ÉDITORIAL • Une politique de renvois forcés au détriment des réfugié·e·s

Samson Yemane •


En janvier dernier, le Secrétariat d’État aux migrations (SEM) a fait renvoyer par la force des réfugié·e·s éthiopien·ne·s dans leur pays d’origine. Pourtant cet État gouverné par Abiy Ahmed, Prix Nobel de la paix en 2019, traverse depuis novembre 2020, une guerre civile qui, contrairement au discours officiel des autorités éthiopiennes, est loin d’être terminée. En effet, ce conflit initialement politique s’est transformé en véritable guerre couverte à l’encontre des dirigeant·e·s de la province de Tigré.

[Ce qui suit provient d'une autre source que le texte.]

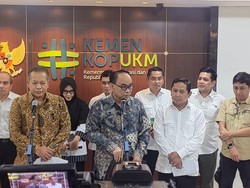 Budi Arie Sebut Susu Impor Australia-Selandia Baru Bebas Bea Masuk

La stabilité du pays, ainsi que celle du reste de l’Afrique de l’Est en a été profondément mise à mal. Aujourd’hui, les organisations internationales et certaines ONG telles que l’Organisation suisse d’aide aux réfugiés (OSAR) et Amnesty International Suisse parlent actuellement de crimes contre l’humanité. Évidemment, le Premier ministre éthiopien, qui désire préserver son image, nie systématiquement toutes les accusations d’interventions politico-militaires.

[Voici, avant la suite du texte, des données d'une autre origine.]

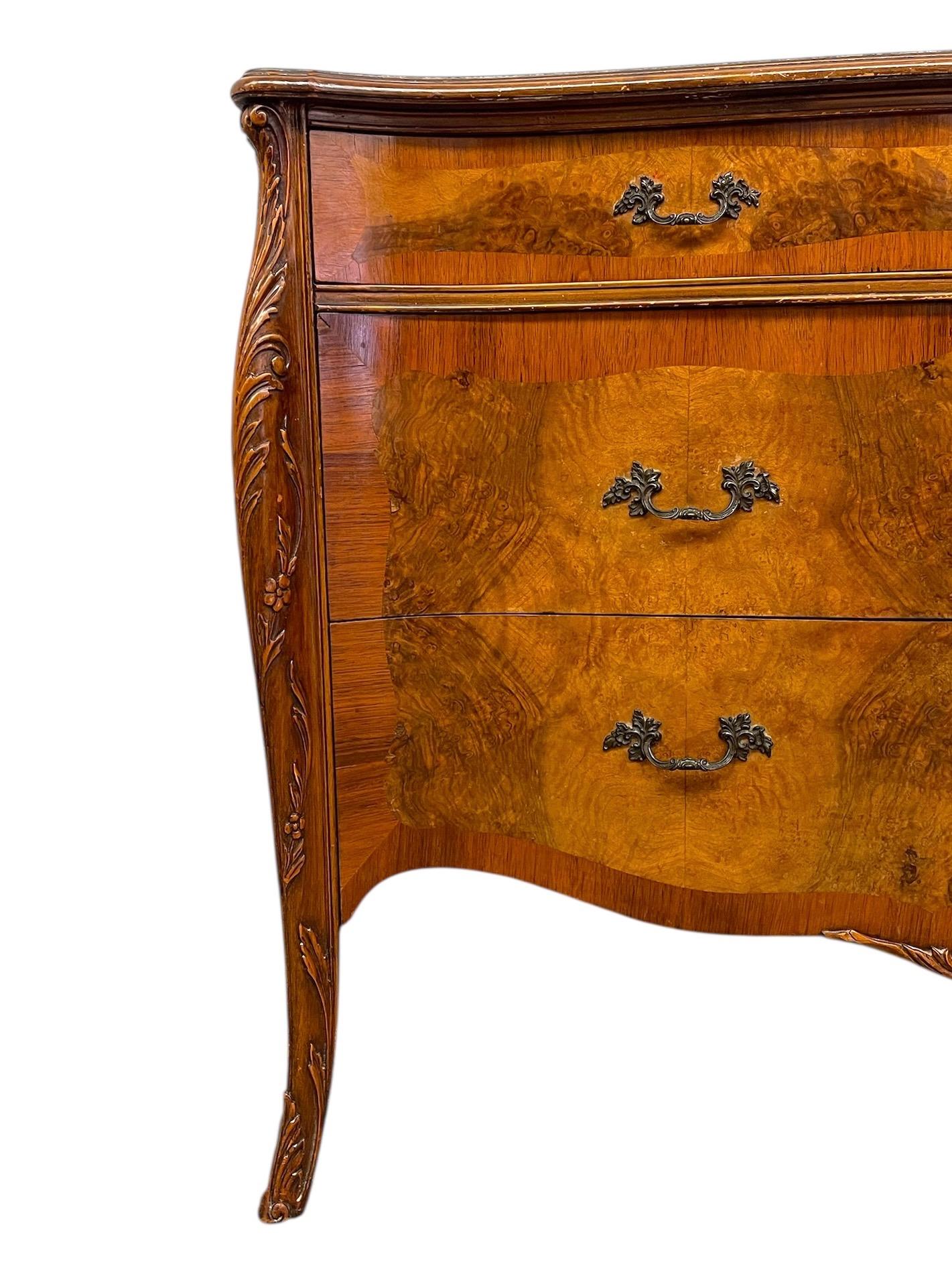 French Louis XV Style Bombe Burlwood 3-Drawer Commode with Carved Details For Sale 1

Malgré ce contexte instable, les autorités migratoires suisses ont organisé un «vol spécial» qui déroge honteusement au principe de protection des réfugié·e·s. Au nom de quoi? De l’accord de réadmission signé en 2018 entre le gouvernement éthiopien et les États européens. Toutefois, le contexte dans lequel l’accord a été signé est totalement différent de la situation actuelle. Par conséquent, il est irresponsable d’appliquer cet accord juridique alors que l’Éthiopie vit une situation de guerre civile. En d’autres termes, la Suisse a mis en danger ces exilé·e·s en les renvoyant, alors qu’elle savait que leur vie était fortement menacée. Ces décisions de renvoi ont été prises en violation totale de la Convention de 1951 relative aux droits des réfugiés, approuvée par l’Assemblée fédérale en 1954 et entrée en vigueur officiellement en 1955.

Selon moi, cet accord de renvoi s’avère être profondément problématique et sa légitimité devrait impérativement être (ré)questionnée. En effet, les autorités helvétiques devraient défendre une politique migratoire qui met au centre l’intérêt des réfugié·e·s, au lieu d’implémenter des politiques publiques sécuritaires et anti-migratoires. Ainsi, le SEM aurait dû entendre les voix des Éthiopien·ne·s craignant pour leur vie et devrait cesser tout renvoi. D’ailleurs, c’est précisément à travers cette logique humanitaire que l’OSAR a revendiqué par communiqué le 25 janvier 2021 «l’arrêt immédiat de tout renvoi forcé dans ce pays en crise».

Samson Yemane est Collaborateur de l’OSAR et Conseiller communal élu du PS Lausanne

Publié comme éditorial dans Pages de gauche n° 179 (printemps 2020).